Failure to conduct this work stems from deep-rooted concerns among local governments and residents that such designations could deflate land prices and tarnish the image of these areas, but some experts have warned that acting quickly must take priority, because there will be no time to put safeguards in place after a disaster has struck.
After the experience of the Great East Japan Earthquake and ensuing tsunami that devastated the Sanriku coast in the Tohoku region on March 11, 2011, the Law on Making Local Areas Resistant to Tsunami was fully enacted in June 2012. Based on the law, prefectures where tsunami are expected to cause significant damage can designate tsunami warning areas.

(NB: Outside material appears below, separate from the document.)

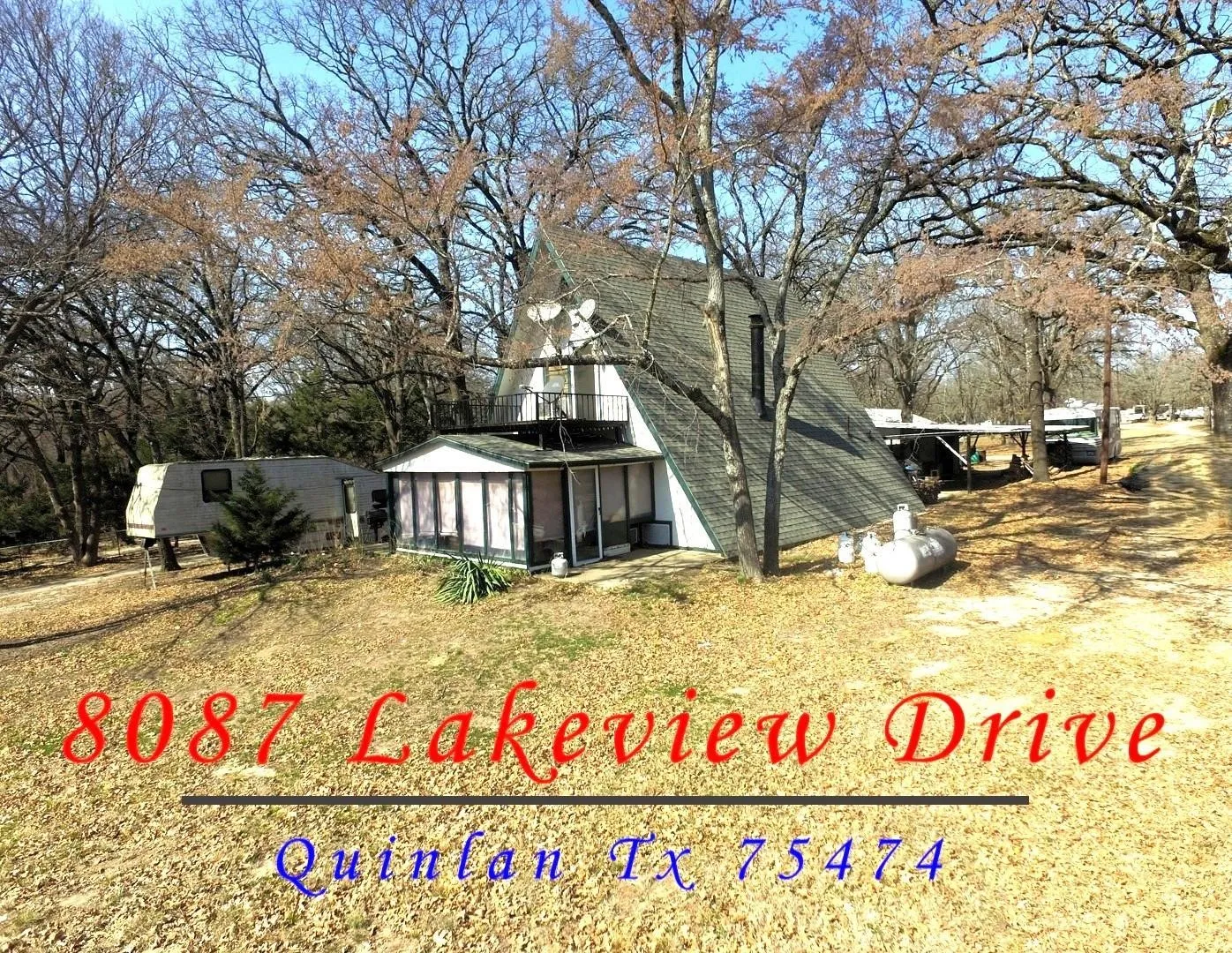 Single Family Residence For Sale in Hunt County , 8087 Lakeview Drive, Quinlan, Texas 75474, 1 Bedroom, 2 Bathroom, 4 Garage spaces, 1,580 Sqft, built in 1983, mls#21302092, Real Estate Agent in Quinlan, Homes For Sale in Hunt county, Homes For Sale in Quinlan, Realtor in Quinlan Texas, Real Estate Brokerage Independent Realty Texas, Luminita Cordes Realtor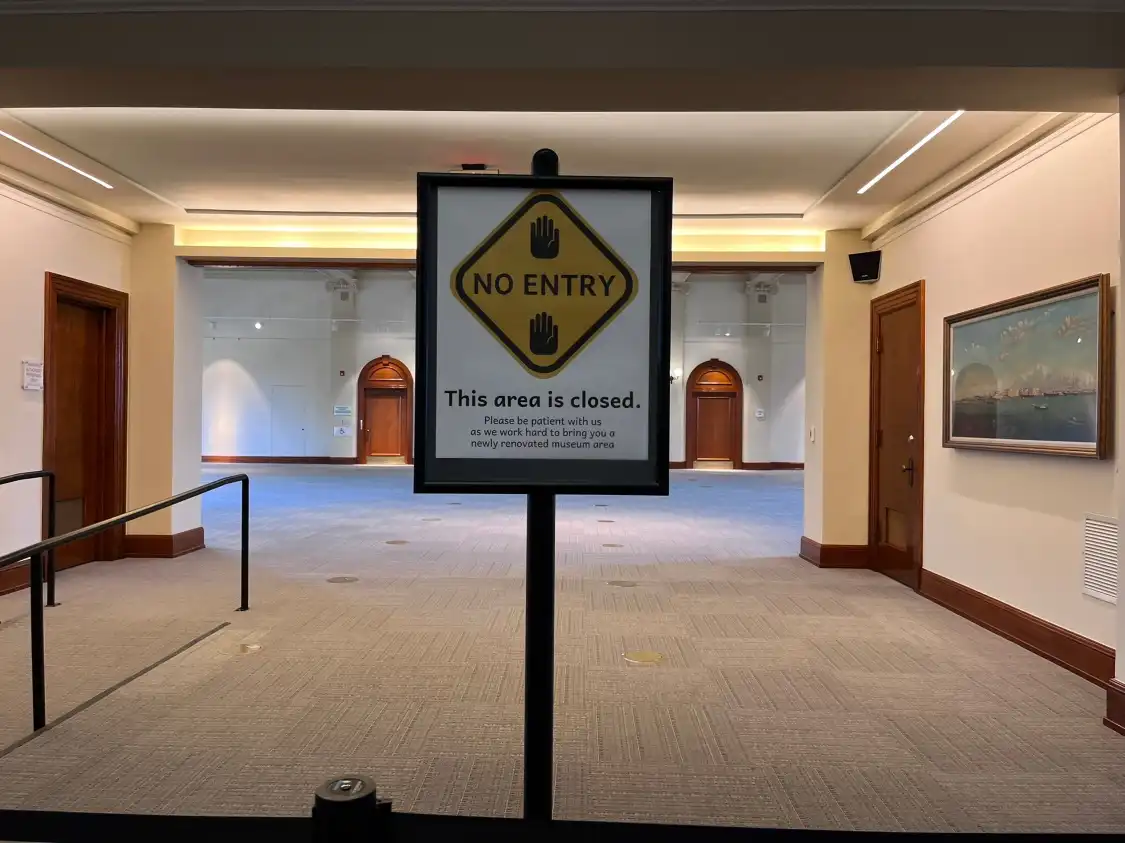 Hotels near Rosenberg Library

However, the Yomiuri investigation revealed that only Tokushima has earmarked such areas, and that 20 of the 39 prefectures required to survey which areas could become inundated have not done so.
The law requires local governments to estimate and take countermeasures against “a maximum-class tsunami generated in a worst-case scenario, including at high tide.” Based on this research, prefectural governments are to estimate how much land could be submerged and designate tsunami warning areas where major damage is expected, and “tsunami special warning areas” where there is even greater danger.
The Yomiuri surveyed the 39 prefectures in Japan with a coastline. Nineteen prefectures, including Ibaraki, Tokushima, Kochi and Miyagi, had prepared such estimates, although some were completed only for certain areas.
Tokushima had predicted that a massive earthquake in the Nankai Trough running south of Honshu could generate a tsunami more than 20 meters high that could strike the prefecture and kill 31,300 people. In March 2014, Tokushima Prefecture established warning areas covering about 200 square kilometers.
“We wanted to ensure that awareness of this danger was reliably passed on to future generations,” a prefectural government official explained.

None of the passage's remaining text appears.